Menell: Punt to institutional choice. Who will be making the cost benefit analysis? In tort courts assess technology all the time. (Comment: I see a connection here to preemption arguments increasingly made by defendants in cases where the FDA, FDIC, etc. have regulatory authority over the subject matter.)
The challenge now is layering safe harbors on top of the common law. YouTube is trying to avoid a safe harbor loss and thus overscreens. Third party organizations like the UDRP might do human screening. Effective screening leaves Viacom happy. The devil is in the details.
Lemley says this is expensive, but big rewards require big risks. You’ll need a significant legal staff. This is just a cost of doing business, and Google has the resources for it.
(Comment: Holy open source catastrophe, Batman! Bram Cohen does not have a significant legal staff, so bye-bye Bittorrent and whatever might have come after.)
We should also change the measure of damages so the risk is lower. Every company needs to find a balance with its lawyers.
Bartholomew: Intent in criminal law is a very high standard. We don’t want that in secondary liability; it’s impractical/manipulable. Nimmer gives a quick checklist of how to avoid Grokster liability. But we can still pay attention to knowledge, objectively. The more we pin down what direct infringement is, the easier it will be to decide secondary liability.

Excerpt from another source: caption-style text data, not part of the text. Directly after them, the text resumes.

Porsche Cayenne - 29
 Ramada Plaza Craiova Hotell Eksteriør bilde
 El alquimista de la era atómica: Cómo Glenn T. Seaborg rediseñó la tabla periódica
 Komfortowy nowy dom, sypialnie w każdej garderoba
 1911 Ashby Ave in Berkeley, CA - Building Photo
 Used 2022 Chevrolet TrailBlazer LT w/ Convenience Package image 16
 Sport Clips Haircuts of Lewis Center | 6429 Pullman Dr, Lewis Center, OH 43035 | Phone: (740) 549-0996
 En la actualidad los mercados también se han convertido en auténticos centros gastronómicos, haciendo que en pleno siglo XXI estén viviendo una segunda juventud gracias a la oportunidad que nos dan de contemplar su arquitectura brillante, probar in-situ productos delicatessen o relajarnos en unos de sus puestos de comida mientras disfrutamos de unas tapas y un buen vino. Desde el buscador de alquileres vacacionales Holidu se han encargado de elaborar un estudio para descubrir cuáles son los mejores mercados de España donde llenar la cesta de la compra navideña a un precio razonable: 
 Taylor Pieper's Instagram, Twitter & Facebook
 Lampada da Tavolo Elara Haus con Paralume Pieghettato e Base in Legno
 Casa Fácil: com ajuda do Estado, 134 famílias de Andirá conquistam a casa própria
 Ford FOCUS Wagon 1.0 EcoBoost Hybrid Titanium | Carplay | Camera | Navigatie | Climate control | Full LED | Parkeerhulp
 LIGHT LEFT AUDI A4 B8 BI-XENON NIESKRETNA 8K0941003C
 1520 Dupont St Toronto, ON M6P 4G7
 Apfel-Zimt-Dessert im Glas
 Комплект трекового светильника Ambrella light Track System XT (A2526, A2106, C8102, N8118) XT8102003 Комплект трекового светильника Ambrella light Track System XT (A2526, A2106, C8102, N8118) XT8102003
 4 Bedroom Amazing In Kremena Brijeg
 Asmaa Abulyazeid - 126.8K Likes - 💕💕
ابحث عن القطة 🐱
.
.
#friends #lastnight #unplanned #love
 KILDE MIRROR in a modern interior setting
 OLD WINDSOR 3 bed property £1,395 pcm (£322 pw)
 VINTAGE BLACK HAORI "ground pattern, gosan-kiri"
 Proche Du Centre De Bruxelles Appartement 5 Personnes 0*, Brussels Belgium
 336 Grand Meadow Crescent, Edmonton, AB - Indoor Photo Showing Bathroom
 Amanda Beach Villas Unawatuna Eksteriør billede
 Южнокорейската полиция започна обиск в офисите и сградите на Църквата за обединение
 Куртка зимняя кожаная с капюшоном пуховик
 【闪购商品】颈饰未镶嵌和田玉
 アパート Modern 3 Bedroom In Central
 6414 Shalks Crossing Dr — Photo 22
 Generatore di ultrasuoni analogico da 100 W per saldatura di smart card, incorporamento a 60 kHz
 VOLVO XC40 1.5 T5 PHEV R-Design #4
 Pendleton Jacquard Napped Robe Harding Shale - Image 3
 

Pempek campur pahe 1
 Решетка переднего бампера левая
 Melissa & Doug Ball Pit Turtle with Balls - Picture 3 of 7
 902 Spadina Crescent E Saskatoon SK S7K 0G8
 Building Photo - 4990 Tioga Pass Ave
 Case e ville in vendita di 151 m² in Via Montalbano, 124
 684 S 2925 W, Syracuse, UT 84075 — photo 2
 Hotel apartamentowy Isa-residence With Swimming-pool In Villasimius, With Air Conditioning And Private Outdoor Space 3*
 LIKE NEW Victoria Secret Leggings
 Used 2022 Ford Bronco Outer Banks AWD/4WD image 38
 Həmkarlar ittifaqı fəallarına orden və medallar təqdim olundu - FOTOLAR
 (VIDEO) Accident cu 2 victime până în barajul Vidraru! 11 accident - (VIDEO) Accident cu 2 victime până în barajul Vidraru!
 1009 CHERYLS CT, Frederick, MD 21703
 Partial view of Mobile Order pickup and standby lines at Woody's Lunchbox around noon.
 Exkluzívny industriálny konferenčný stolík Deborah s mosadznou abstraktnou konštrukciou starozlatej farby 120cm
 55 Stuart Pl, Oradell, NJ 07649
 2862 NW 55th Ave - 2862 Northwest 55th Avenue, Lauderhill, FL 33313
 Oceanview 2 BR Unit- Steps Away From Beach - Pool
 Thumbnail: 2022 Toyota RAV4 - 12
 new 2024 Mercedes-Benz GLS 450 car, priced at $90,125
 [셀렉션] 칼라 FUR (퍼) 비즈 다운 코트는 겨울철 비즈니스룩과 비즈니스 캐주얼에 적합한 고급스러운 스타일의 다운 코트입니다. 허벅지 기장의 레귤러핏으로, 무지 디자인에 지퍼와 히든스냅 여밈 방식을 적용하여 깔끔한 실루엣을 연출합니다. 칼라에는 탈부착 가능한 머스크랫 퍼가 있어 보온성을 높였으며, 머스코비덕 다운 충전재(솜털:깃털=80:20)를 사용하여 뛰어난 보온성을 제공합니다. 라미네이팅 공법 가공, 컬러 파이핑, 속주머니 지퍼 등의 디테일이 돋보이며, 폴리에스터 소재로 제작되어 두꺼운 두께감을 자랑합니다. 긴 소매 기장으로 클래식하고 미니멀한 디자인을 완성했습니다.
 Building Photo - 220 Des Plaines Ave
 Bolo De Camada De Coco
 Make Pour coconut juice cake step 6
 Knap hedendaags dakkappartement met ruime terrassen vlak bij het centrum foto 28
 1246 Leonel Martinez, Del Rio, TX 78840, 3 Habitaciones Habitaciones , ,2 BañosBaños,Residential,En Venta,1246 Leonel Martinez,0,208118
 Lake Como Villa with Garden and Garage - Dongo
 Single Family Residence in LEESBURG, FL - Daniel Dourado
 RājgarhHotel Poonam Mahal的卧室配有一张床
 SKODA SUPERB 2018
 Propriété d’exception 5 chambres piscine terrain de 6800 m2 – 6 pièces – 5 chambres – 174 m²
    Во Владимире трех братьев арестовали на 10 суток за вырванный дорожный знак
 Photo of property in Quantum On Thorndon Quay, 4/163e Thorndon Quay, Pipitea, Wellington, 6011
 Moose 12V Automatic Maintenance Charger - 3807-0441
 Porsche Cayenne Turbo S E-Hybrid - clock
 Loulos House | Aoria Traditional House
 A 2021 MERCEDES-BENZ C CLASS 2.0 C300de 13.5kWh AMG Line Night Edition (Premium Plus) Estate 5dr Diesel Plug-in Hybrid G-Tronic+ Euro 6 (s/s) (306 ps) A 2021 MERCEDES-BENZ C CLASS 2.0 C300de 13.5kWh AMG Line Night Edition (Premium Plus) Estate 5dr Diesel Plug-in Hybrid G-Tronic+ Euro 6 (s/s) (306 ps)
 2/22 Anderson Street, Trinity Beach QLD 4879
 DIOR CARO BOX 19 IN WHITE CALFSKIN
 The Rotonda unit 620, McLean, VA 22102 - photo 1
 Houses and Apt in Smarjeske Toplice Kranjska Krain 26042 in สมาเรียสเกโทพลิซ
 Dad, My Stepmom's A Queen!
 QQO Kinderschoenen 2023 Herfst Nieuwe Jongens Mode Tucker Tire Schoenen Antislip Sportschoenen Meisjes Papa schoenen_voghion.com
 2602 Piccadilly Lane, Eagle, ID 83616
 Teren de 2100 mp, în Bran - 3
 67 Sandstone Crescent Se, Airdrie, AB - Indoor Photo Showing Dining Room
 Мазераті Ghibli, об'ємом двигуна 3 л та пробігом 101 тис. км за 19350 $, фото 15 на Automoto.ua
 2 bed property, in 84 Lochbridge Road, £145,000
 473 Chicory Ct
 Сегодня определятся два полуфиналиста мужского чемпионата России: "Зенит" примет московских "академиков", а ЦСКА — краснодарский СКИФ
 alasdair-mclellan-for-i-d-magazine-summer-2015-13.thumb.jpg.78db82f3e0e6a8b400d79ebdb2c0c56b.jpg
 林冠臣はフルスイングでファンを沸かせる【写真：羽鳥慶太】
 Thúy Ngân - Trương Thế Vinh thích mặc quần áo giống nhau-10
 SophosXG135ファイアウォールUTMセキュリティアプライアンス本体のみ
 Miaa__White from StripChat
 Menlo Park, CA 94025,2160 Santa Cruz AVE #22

In criminal law, the intent standard requires the purpose of causing the commission of the crime, but there’s also a very low contribution standard: any act that helps/approves, like applauding or babysitting for the criminal. Bartholomew proposes using knowledge with a higher material contribution standard. Courts haven’t looked enough at causation.
Sharon Sandeen: There’s an existing model in trade secret in the UTSA: third parties are liable based on actual knowledge/reason to know of infringement. The nature of the IP affects what people can know. People are less likely to know trade secret status versus patent status, which they can search.
Lemley: Outside IP, it’s considered bizarre that knowledge of the legal status of the property is an element; intent to do an act is usually key.
Bartholomew: Likes the idea of continuum, depending on tech. An exact reproduction has a more concrete relationship to knowledge, but if you rely on remix contributions, the situation is different. (Comment: and which is YouTube?)
Kathy Strandburg: Is this one of the internet differences? We’re clear on what we don’t want elsewhere, but we are less sure about the underlying harm online.
Me: I think the internet makes more salient that we don’t always know what the harm is. It is simply more credible to believe that people would copy mp3s for free that they’d never, ever buy—a zero price is different in its effects on behavior from a pirate’s lower-than-legit price—so we can debate the magnitude of the harm. Likewise, the dirty little secret of eBay was that a big reason that a lot of “counterfeiting” was left over even after VeRo was that the customers were perfectly happy to get “Tiffany” jewelry on the cheap. Tiffany says, and the law agrees, that this is a harm, but there’s a big group of people who disagree.
Lemley: this is a version of the retail/wholesale problem.
Menell: Cablevision tried to separate the two—the copyright owners claimed they didn’t want to investigate whether it was fair use for individuals to use the remote recording service. But that’s part of copyright’s path dependence. O’Connor wrote in a memo for Sony that timeshifting wouldn’t be fair use if she thought people were skipping commercials. Menell thinks this is sensible, because that’s how we funded the business model. But now DVRs are morally acceptable. We’ve lost the ability to see the direct relation between institutions and creativity. Maybe we should tax DVRs.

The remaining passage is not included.